__ACTION ITEM__
Copy out all of the lines below exactly; the pictures do not belong in the copy.

__DATASET EXCERPT__
■ ■ ■ ■ ■

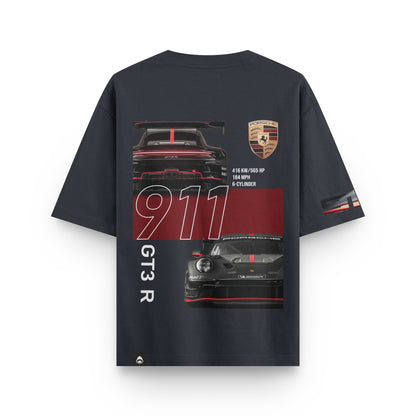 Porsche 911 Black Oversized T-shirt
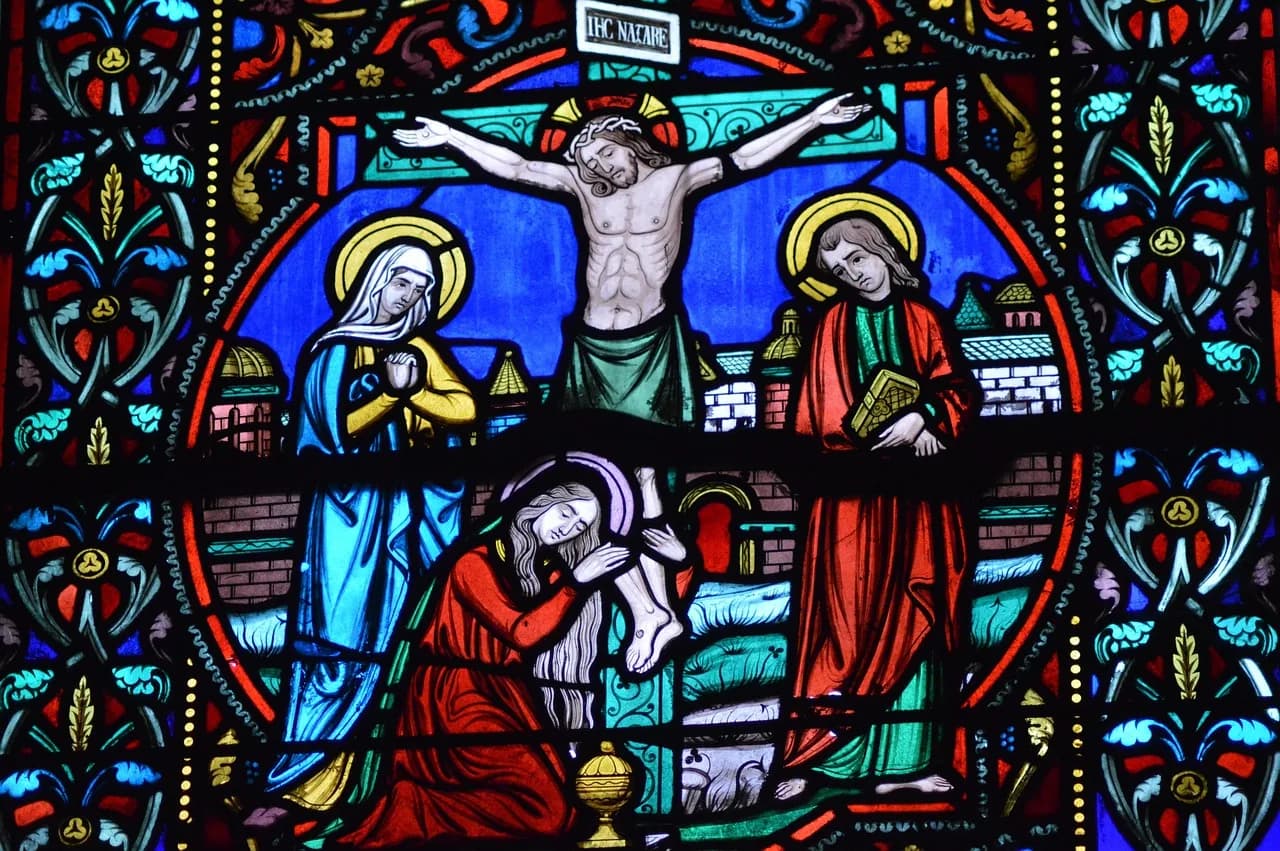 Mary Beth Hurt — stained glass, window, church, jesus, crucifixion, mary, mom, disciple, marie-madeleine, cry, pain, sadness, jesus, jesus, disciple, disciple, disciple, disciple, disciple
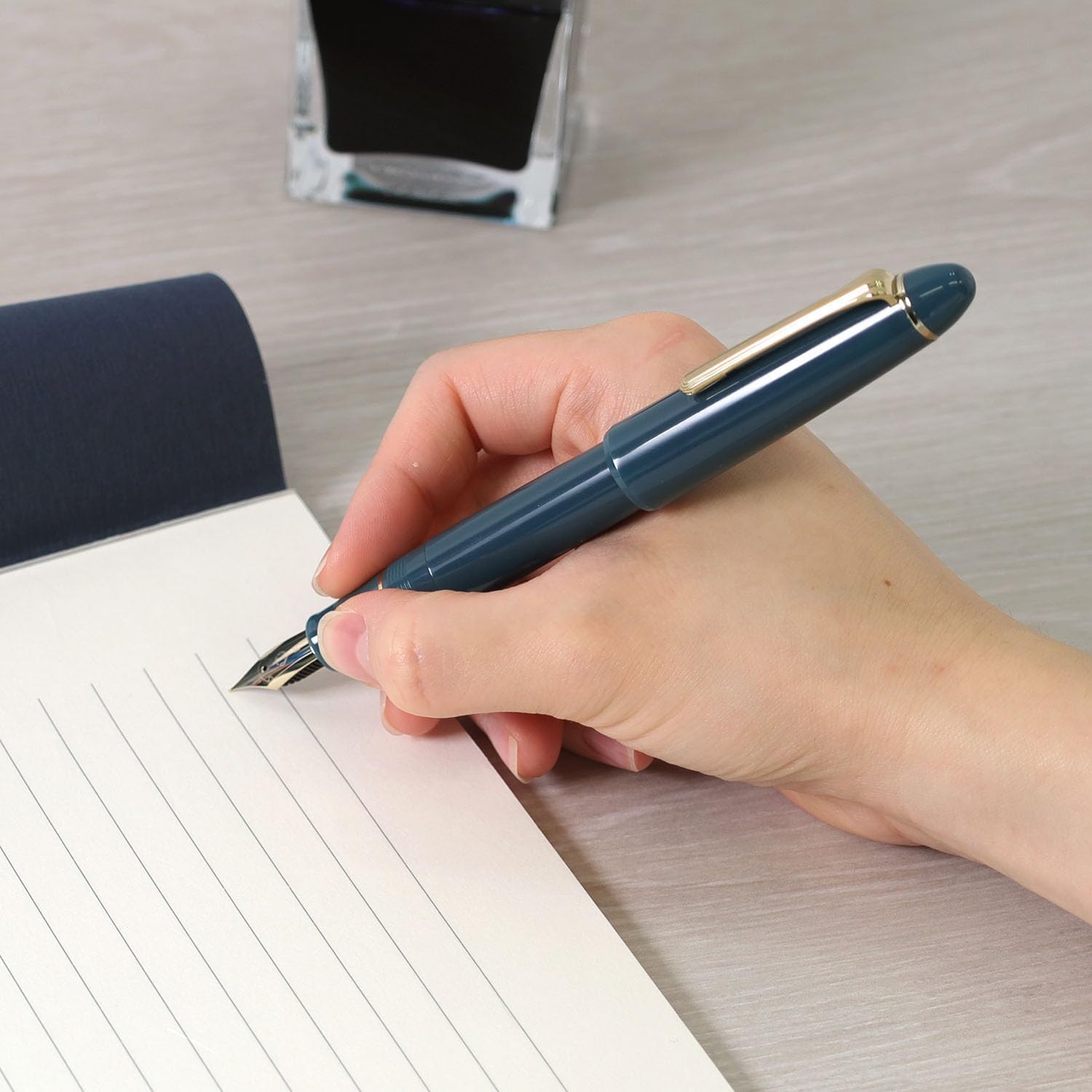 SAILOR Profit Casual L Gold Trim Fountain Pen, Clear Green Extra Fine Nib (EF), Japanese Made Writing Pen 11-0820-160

■ ■ ■ ■ ■

__ANSWER BOX__
 Porsche 911 Black Oversized T-shirt
 Mary Beth Hurt — stained glass, window, church, jesus, crucifixion, mary, mom, disciple, marie-madeleine, cry, pain, sadness, jesus, jesus, disciple, disciple, disciple, disciple, disciple
 SAILOR Profit Casual L Gold Trim Fountain Pen, Clear Green Extra Fine Nib (EF), Japanese Made Writing Pen 11-0820-160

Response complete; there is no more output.